## RECORDS TO PROCESS
== Segment start ==

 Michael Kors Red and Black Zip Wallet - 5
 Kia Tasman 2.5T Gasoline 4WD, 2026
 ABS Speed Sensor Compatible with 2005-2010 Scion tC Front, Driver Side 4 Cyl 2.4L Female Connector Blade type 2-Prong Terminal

== Segment end ==
== Segment start ==

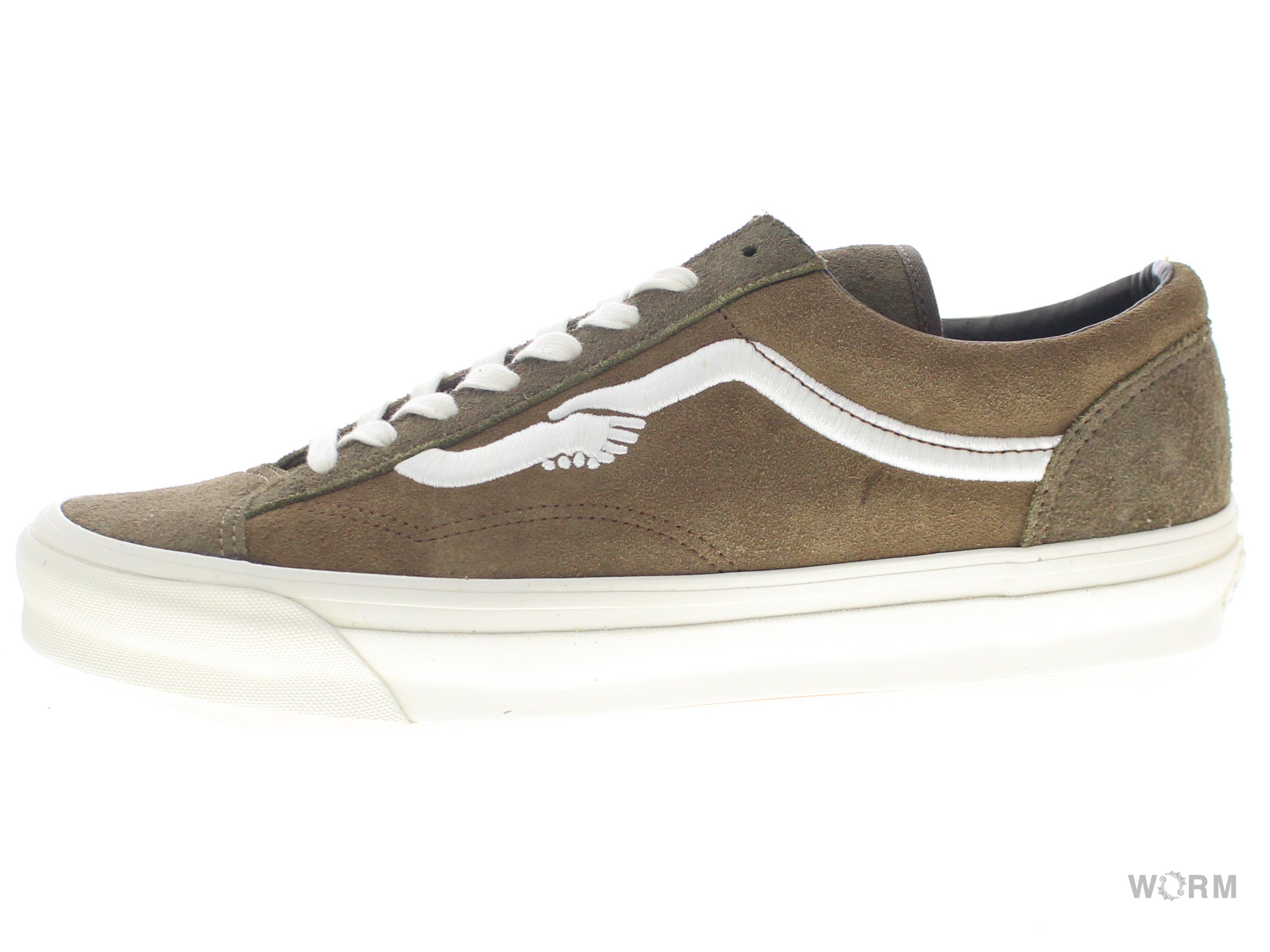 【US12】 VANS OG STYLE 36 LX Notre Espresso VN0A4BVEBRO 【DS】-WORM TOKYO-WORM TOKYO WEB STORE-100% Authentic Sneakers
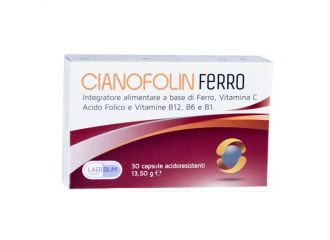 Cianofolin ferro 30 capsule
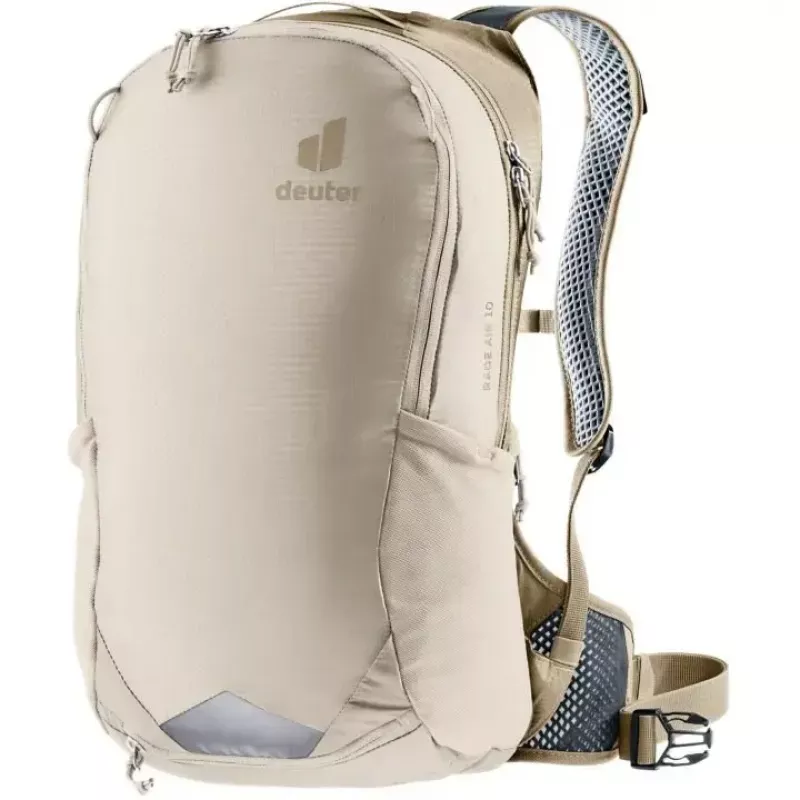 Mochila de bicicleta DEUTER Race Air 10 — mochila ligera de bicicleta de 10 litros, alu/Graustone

== Segment end ==

## EXERCISE DIRECTIONS
In the listing above, find the line with "Cianofolin ferro 30 capsule" and the line with "Mochila de bicicleta". Transcribe those two and everything between, exactly, leaving out pictures.

## RESPONSE TO THIS EXERCISE
 Cianofolin ferro 30 capsule
 Mochila de bicicleta DEUTER Race Air 10 — mochila ligera de bicicleta de 10 litros, alu/Graustone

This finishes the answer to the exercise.